A Ukrainian mathematician who, with Minkowski, founded the geometry of numbers. He set the tessellation down in his final paper of 1908, having turned the idea over for years until it reached, in his words, its perfect form.
The Rasteh Edition nib
A solid 950 platinum nib, a rarity, made in small batches by Peter Bock AG. It is ground as a calligraphy nib, for the strong line variation James Rasteh writes with: broad on the downstroke, fine across.
Unlike a plain italic, which writes on bare metal, its tip is iridium, the hard, low-friction alloy introduced to glide against the paper. Its edges are rounded a touch, so it holds that line variation without catching if the hand wanders. A more forgiving nib, and a more comfortable one.
Prefer another? We grind any nib there is: fine, broad, oblique, needlepoint. Tell us which suits your hand.


Made by hand, across Europe
The silver grip is cast in Pforzheim, the old German city of goldsmiths, and finished by hand. The wood is turned in Munich by Bernhard, and Tore grinds each part to its precise fit. In Sardinia, Claudia brings every pen to completion: final assembly, alignment, finishing, quality control and shipping. Our founder, Marius Visser, polishes every nib by hand.

A hundred trees, for every pen
We are artists before we are makers, and much of why we do this is the natural world the work comes from. Its grain, its patterns, its quiet order are the things we set out to show.
So for every Aeon Moon, we plant a hundred trees with our partner Ecologi, and the woods we use are sustainable.
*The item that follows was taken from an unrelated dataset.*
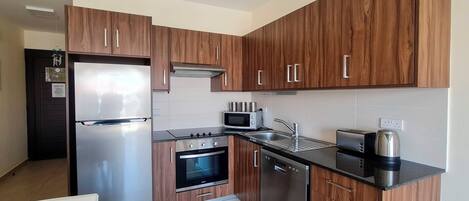 Frigorifero, microonde, forno, piano cottura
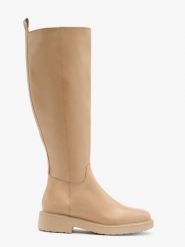 Beżowe kozaki z szeroką cholewką. Brązowe kozaki damskie Ryłko, ze skóry, z okrągłym noskiem, bez obcasa, na obcasie. W wyprzedaży za 199.99 zł.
What the pen takes from the world, it gives back, many times over.
One of ninety-nine
Black ebony and cast silver, with a grip drawn from the face of the Moon. Even the threads are turned in solid silver, so nothing on it wears with use. Each pen is numbered, made by hand, and built to be written with for centuries.
The Aeon Moon is made entirely from noble and precious materials: ebony, silver and platinum.